_ASSIGNED TASK_
Repeat all of the data word for word so that only the pictures are missing from the copy.

_COLLECTED MATERIAL_
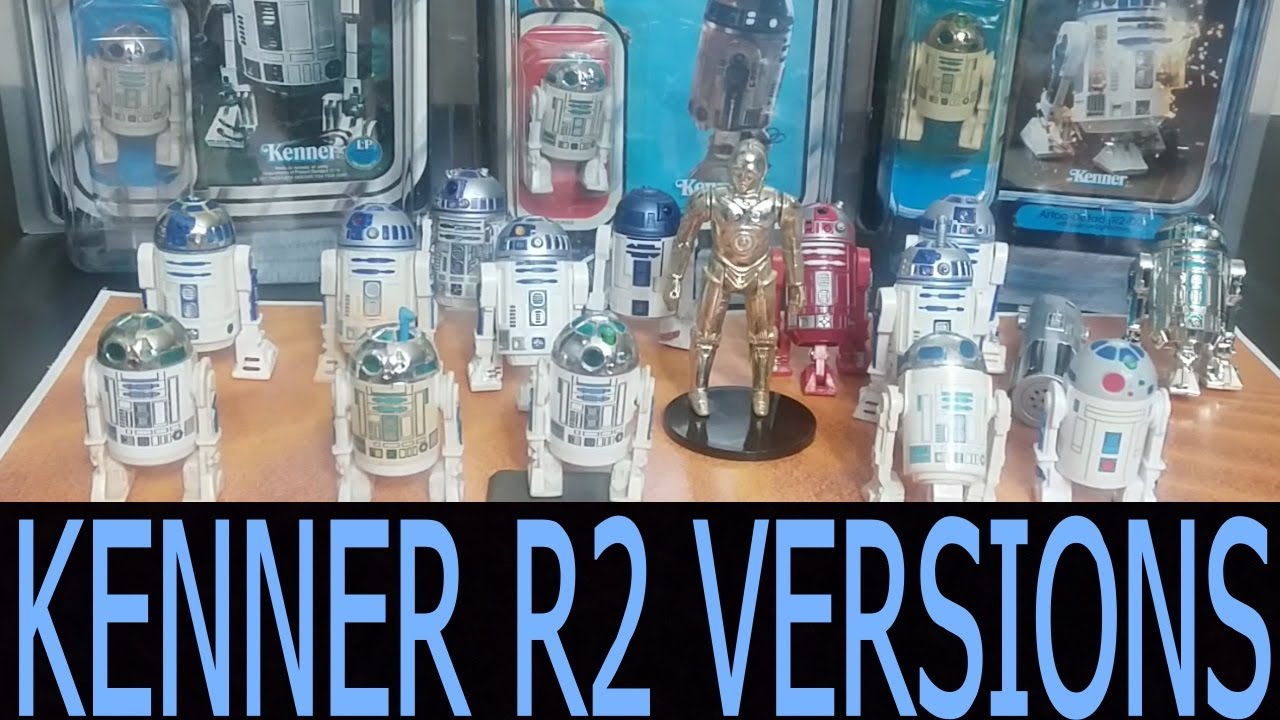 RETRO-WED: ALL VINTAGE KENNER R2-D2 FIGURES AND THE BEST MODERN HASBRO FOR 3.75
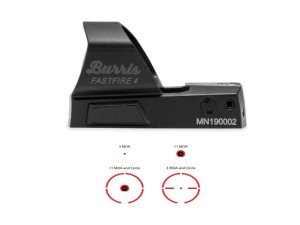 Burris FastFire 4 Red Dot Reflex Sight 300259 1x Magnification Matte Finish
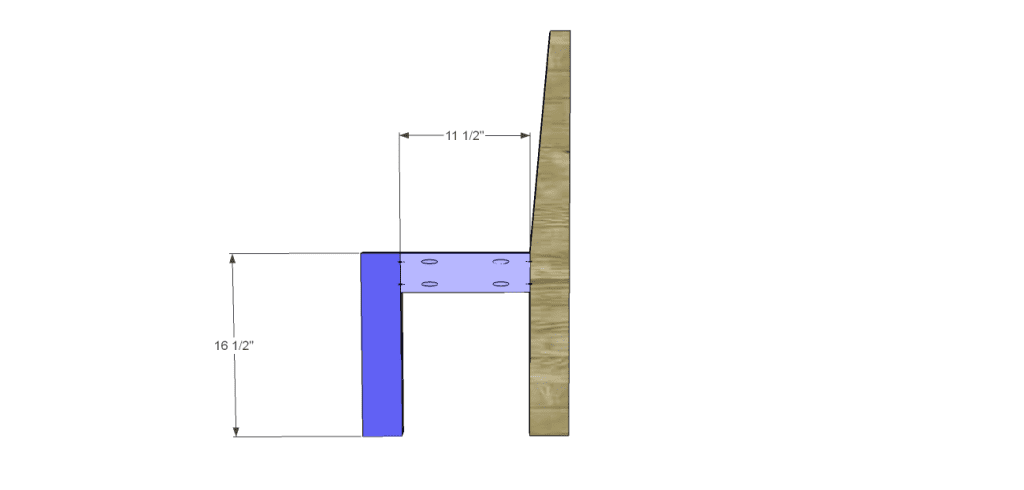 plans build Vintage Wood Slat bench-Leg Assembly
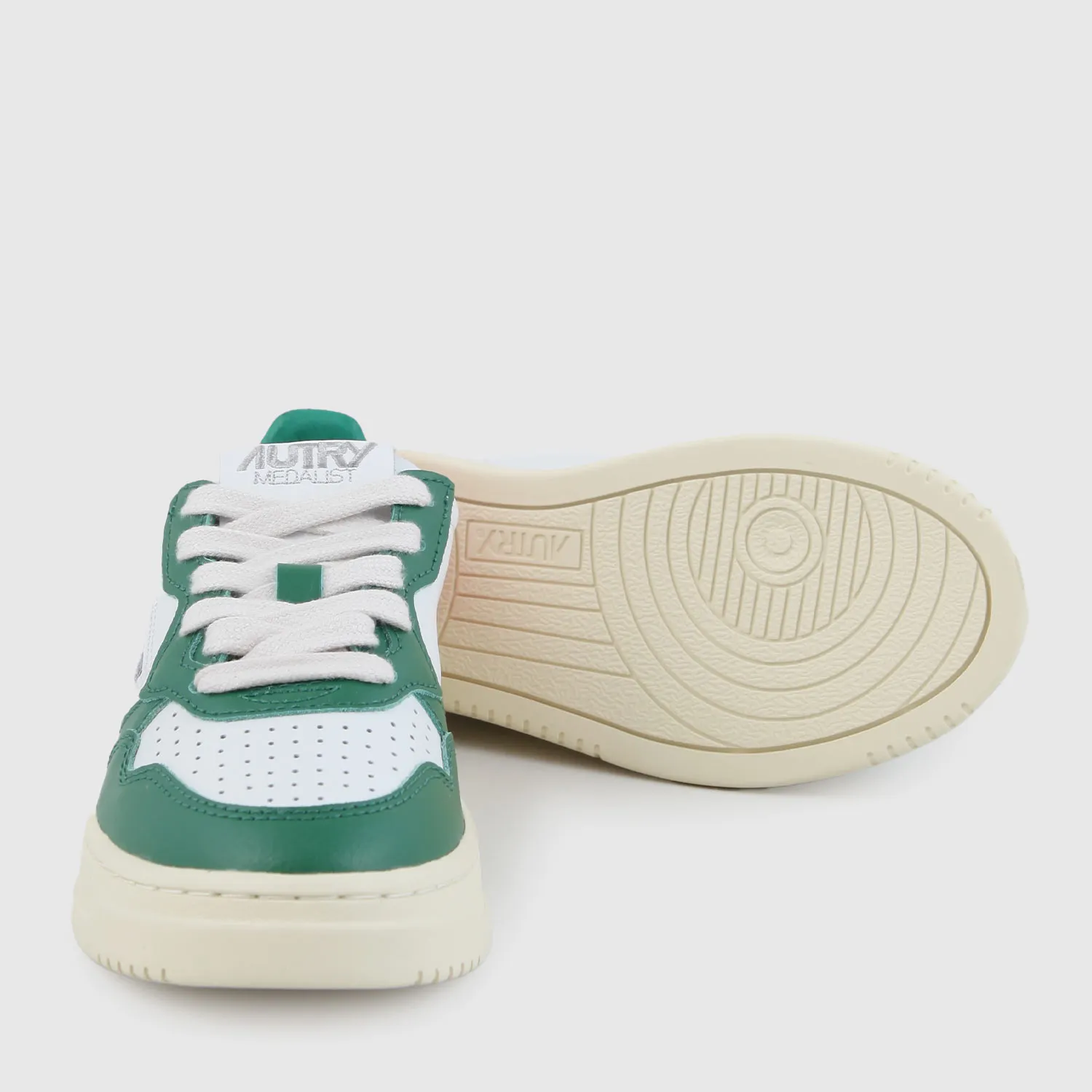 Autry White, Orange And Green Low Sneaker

_TASK SOLUTION_
 RETRO-WED: ALL VINTAGE KENNER R2-D2 FIGURES AND THE BEST MODERN HASBRO FOR 3.75
 Burris FastFire 4 Red Dot Reflex Sight 300259 1x Magnification Matte Finish
 plans build Vintage Wood Slat bench-Leg Assembly
 Autry White, Orange And Green Low Sneaker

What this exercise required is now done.